Set down exactly the lines from the one containing "Chá de Frutas Vermelhas Barão 13g" through the last line of the data below, and no others.

- [Records for this exercise]
--- --- ---
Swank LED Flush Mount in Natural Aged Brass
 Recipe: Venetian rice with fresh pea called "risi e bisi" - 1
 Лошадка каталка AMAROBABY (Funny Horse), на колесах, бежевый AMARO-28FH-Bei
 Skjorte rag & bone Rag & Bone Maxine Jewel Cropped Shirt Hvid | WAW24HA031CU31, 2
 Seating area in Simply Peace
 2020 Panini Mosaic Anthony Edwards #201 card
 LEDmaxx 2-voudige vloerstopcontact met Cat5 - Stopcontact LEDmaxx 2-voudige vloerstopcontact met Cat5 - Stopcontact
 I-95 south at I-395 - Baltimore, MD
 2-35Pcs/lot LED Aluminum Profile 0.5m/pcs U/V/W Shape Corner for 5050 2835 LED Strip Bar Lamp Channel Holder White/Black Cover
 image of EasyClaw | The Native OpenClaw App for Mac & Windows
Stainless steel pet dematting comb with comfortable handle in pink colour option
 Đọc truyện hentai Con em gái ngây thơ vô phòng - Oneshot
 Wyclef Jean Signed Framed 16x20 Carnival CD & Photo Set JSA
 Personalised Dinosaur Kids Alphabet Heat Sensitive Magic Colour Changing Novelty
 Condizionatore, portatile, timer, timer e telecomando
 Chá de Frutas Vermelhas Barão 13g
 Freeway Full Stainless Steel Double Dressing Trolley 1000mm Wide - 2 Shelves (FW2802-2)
--- --- ---
- [Task result]
 Chá de Frutas Vermelhas Barão 13g
 Freeway Full Stainless Steel Double Dressing Trolley 1000mm Wide - 2 Shelves (FW2802-2)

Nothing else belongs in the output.